On May 5, 2016, the National Bank of Ukraine (NBU) approved new rules that relax several currency exchange restrictions as the economy seems to show further signs of recovery and stability.
As one may remember, Ukrainian central bank have introduced severe temporary capital controls during 2014-2015 to counter a significant outflow of hard currency from Ukraine and further in reaction to substantial and rapid devaluation of Ukrainian national currency - hryvnia (UAH). The restrictions included such measures as the mandatory conversion of foreign currency proceeds into UAH, limitations or prohibitions of outbound cross-border payments, limitations of currency amounts that can be purchased by public, limitations for cash withdrawals and others. The restrictions have been regularly extended ever since, each time for another three months.
In late 2015, the central bank started to somehow loosen the controls. It should be mentioned that earlier in April the regulator already exempted foreign currency loan amounts granted to a Ukrainian importer by a non-resident bank institution or an export credit agency to finance the importer's payment obligations under a cross-border contract from the mandatory conversion into UAH, provided that such amounts are credited directly to an account of the non-resident counterparts (i.e. foreign exporter).
With the newly announced changes, foreign investors may transfer hard currency to their investment bank accounts in Ukraine and the existing requirement for mandatory conversion of 75% of such amounts into Ukrainian currency shall not apply.
Secondly, importers will now wait less time to make a payment in hard currency abroad to their suppliers. The period for the purchase of currency by Ukrainian banks to effect the payment abroad has been reduced from four to three business days after the filing of a respective request.

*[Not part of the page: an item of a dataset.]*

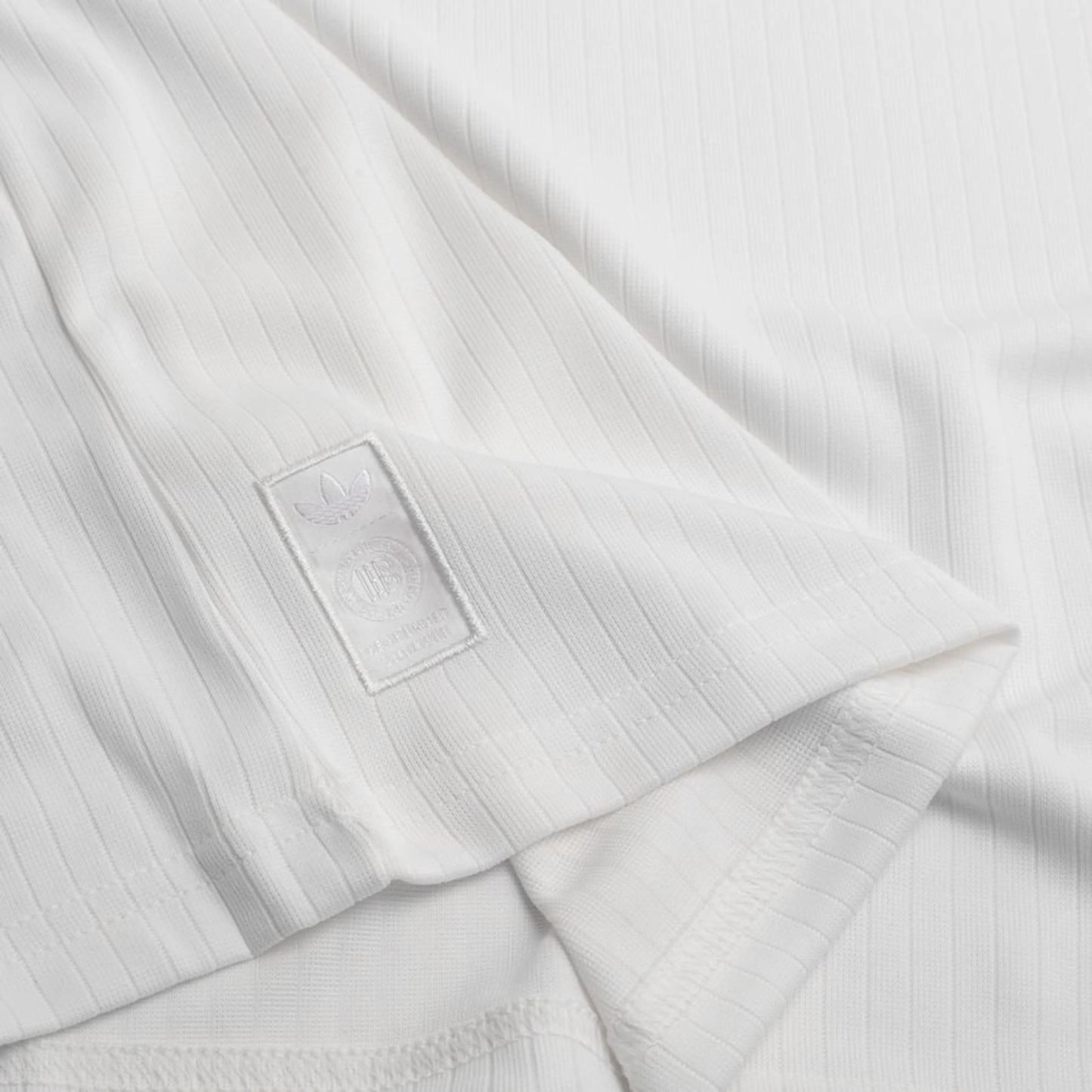 Camisola Alemanha Principal 125 Anos – Edição Limitada - Versão Adepto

Finally, it shall be possible to purchase currency in order to fulfill a importer’s payment obligations under a supply contract for imported goods that customs clearance was completed before January 1, 2015.

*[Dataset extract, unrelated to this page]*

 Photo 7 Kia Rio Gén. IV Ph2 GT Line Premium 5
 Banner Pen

The new changes will become effective starting from May 11, 2016 and will remain in force at least till June 8 when the NBU is scheduled to review all the temporary restrictions again.
According to press releases of the National Bank, it could be expected that the other restrictions are abolished in the nearest future as well and, foremost, the controversial ban of the repatriation of dividends by resident companies to non-resident shareholders is anticipated to be lifted in the first place.